Anyways the last thing I want to take care of in relation to steering is the airbag light. After doing some digging I understand that I need to install a resistor(s) but haven't come up with the exact value I need. It seems to be 2.2ohms at 1/2 watt
The other question I have is it seems that every thread I've seen mentions you need to splice in the resistor at the airbag end of the connector coming out of the steering column. My problem is whoever initially did this install cut the yellow wire down very short and I have no access to it short of taking the column apart more. Can I splice it in under the column on the dash side? Also I'm pretty weak with electrical work, I'm basically splicing in both ends of the resistor with the power wire right? Thank you
PS, this has probably been the best info I've found. Can anyone confirm?
So the wheel, adapter, horn, and LS1 steering shaft have all been taken care of and work perfectly.

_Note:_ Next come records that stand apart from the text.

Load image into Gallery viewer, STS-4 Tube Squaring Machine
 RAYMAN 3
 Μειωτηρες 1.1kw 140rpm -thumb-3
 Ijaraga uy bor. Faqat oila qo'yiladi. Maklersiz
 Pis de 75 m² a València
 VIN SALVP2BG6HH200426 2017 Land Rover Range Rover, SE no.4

It turned out the actual wheel alignment is off on the car despite it tracking straight.
Anyways the last thing I want to take care of in relation to steering is the airbag light. After doing some digging I understand that I need to install a resistor(s) but haven't come up with the exact value I need. It seems to be 2.2ohms at 1/2 watt
The other question I have is it seems that every thread I've seen mentions you need to splice in the resistor at the airbag end of the connector coming out of the steering column. My problem is whoever initially did this install cut the yellow wire down very short and I have no access to it short of taking the column apart more. Can I splice it in under the column on the dash side? Also I'm pretty weak with electrical work, I'm basically splicing in both ends of the resistor with the power wire right? Thank you
PS, this has probably been the best info I've found. Can anyone confirm?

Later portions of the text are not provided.